I'm an aspiring pilot (currently enrolled in the ground school part that's required before one can take the FAA written exam), and there is a question that I can't seem to answer...

I've never been to a furcon before (that's going to change come FWA this March) and I just got to wondering. Would it be dedication or insanity to include "Able to fly myself to furcons" to my long list of reasons that holding a private pilot license is better than flying Big Airlines?


----------



## Digitalpotato (Feb 12, 2010)

Dedication, definitely.


----------



## DakotaJaymes (Feb 12, 2010)

Sounds like dedication to me.

________
Yes I'm posting on my DSi, derp.


----------



## EdieFantabulous (Feb 13, 2010)

Dedication, I would do it, only I would drive, but I can not do that either XD


----------



## dragon-architect (Feb 13, 2010)

Heheh. I would drive to most furcons too, but I have a 20 year old Honda that probably isn't up for the task of going as far west as FC from somewhere as far east as eastern middle Tennessee. Something like a Cessna Stationair or a Piper Seneca V would be capable of a REAL cross-country quest (not the 150nm "cross-country" flight that the FAA requires to qualify for the cross-country component of flight training and would pretty much take only an hour and a half to fully complete at cruising speed) in a much more reasonable amount of time.

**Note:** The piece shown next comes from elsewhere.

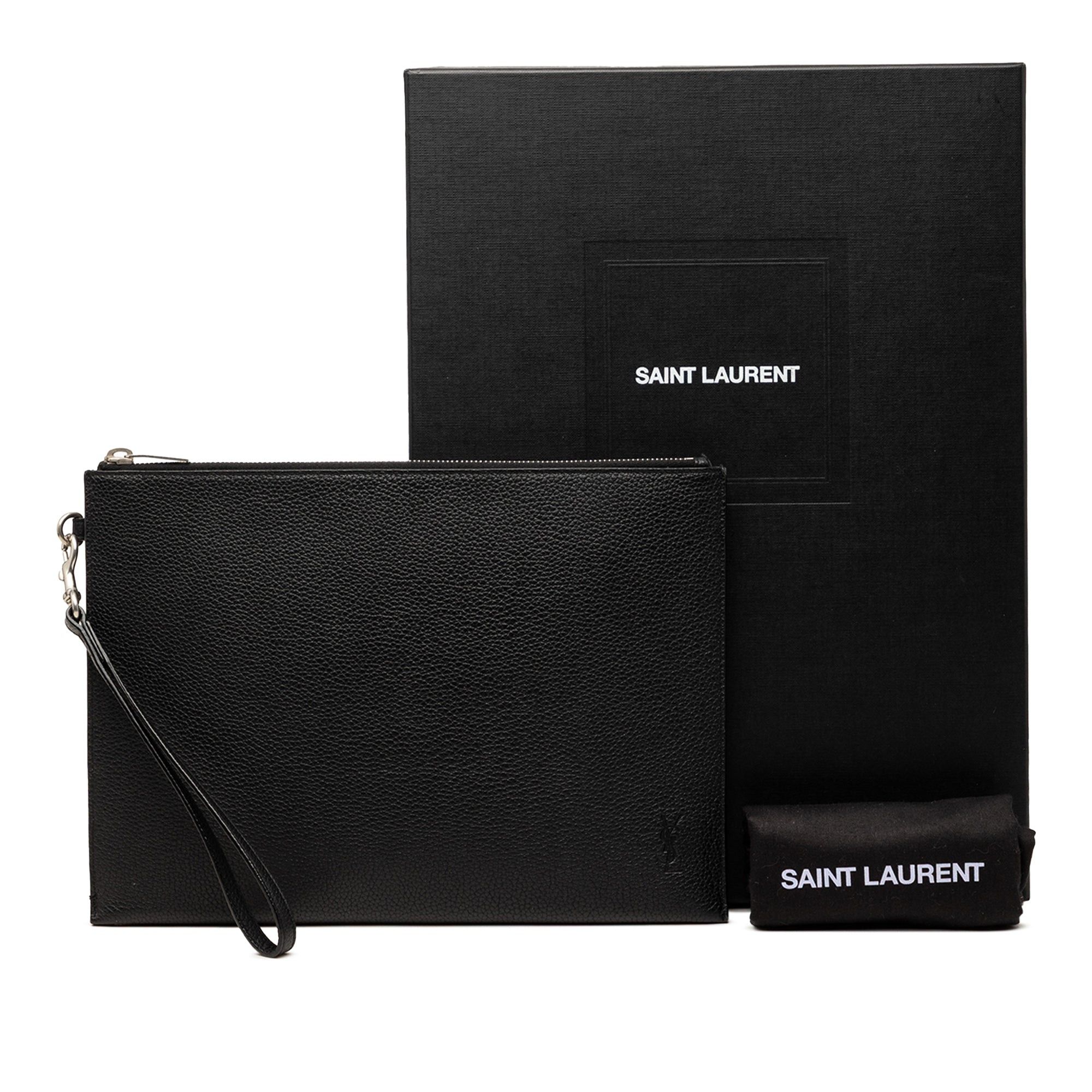 Saint Laurent Paris Grained Calfskin Monogram Clutch Size ONE SIZE - 8 Thumbnail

Really, I'm just in a generally bad location for going to furcons. The closest ones to me are FWA and RCFM, and RCFM is one and a half times longer drive than FWA. And I'm the furthest you could possibly get from any halfway decent transportation corridor. Those furries living up in BosWash or somewhere along the East Coast and up in the Rust Belt and those living way out along the West Coast between L.A. and the Bay Area have it easy with heavily-used Amtrak lines. But flight ignores all of that and can cross hundreds upon hundreds of miles in just a couple of hours. :3


----------



## Prannon (Feb 13, 2010)

I suppose it's dedication. Getting a pilot's license, plane, fuel for the plane, and all that stuff requires a lot of time, money, and effort. That's not to mention all the studying that you're going to have to do. So yeah, dedication.


----------



## huskyrye (Mar 19, 2010)

dragon-architect said:


> Really, I'm just in a generally bad location for going to furcons. The closest ones to me are FWA and RCFM, and RCFM is one and a half times longer drive than FWA. And I'm the furthest you could possibly get from any halfway decent transportation corridor. Those furries living up in BosWash or somewhere along the East Coast and up in the Rust Belt and those living way out along the West Coast between L.A. and the Bay Area have it easy with heavily-used Amtrak lines. But flight ignores all of that and can cross hundreds upon hundreds of miles in just a couple of hours. :3



Not bad!  Always nice to talk with a fellow pilot!  What type of school you in?  Part 61 or 141?  I'm currently going for my commercial license at the moment, you'll love flying it's a blast.  Can't say I've flown to any furcons yet, flying takes just that....dedication to the max, it's not for everyone, and takes time, patience, and money lol.  But in the long run, it will pay off.  Have fun, and fly well!


----------



## TashkentFox (Mar 19, 2010)

Unless you've got a helicopter or a Harrier Jump Jet I doubt you'll find anywhere to land.


----------



## yummynbeefy (Mar 19, 2010)

personally id say dedication

but the guys @ the airport might not think so i would say to be safe dont put it down


----------



## huskyrye (Mar 20, 2010)

And just to let you know, the price of the written Private Pilot exam went up to $150.  So know your stuff when you take it!


----------



## Dragonatic for the People (Mar 26, 2010)

Dedication, IMO.  I'm sure there's a small-scale airport somewhere around the city that'll let a private aircraft land.  Then you could have a friend pick you up or take a taxi the rest of the way!  That would sure be arriving in style, in a way.


----------